Zen Meditation Eases Pain

February 6, 2009
Shivani Parmar, MPH

Researchers have determined that the ancient practice of Zen meditation may have pain reducing qualities.

Researchers from the Université de Montréal have determined that the ancient practice of Zen meditation may have pain reducing qualities. Published in the January issue of Psychosomatic Medicine, their new study shows that “Zen meditators have lower pain sensitivity both in and out of a meditative state compared to non-meditators.”

Joshua A. Grant, co-author of the study, stated that while “previous studies have shown that teaching chronic pain patients to meditate is beneficial, very few studies have looked at pain processing in healthy, highly trained meditators. This study was a first step in determining how or why meditation might influence pain perception.”

The study examined the reactions during a pain test of 13 Zen meditators who had at least 1,000 hours of practice against the reactions of 13 non-meditators. Participants were between the ages of 22 and 56. For the pain test, a “thermal heat source, a computer-controlled heating plate, was pressed against the calves of subjects intermittently at varying temperatures. Heat levels began at 43 degrees Celsius and went to a maximum of 53 degrees Celsius depending on each participant’s sensitivity.” Several of the meditators were able to cope with the maximum temperature. All of the non-meditators however bowed out below the maximum temperature.

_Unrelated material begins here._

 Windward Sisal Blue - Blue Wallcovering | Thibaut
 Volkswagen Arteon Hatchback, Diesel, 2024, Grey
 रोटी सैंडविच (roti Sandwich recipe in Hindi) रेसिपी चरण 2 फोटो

There was a major difference between the reactions of the two groups during the pain testing. The sensitivity of Zen meditators was considerably lower, even when they were not meditating. Through slower breathing meant to simulate meditation conditions, meditators further reduced their pain sensitivity. Zen meditators ultimately reduced their pain intensity by 18%.

Grant noted that “Slower breathing certainly coincided with reduced pain and may influence pain by keeping the body in a relaxed state…While previous studies have found that the emotional aspects of pain are influenced by meditation, we found that the sensation itself, as well as the emotional response, is different in meditators.”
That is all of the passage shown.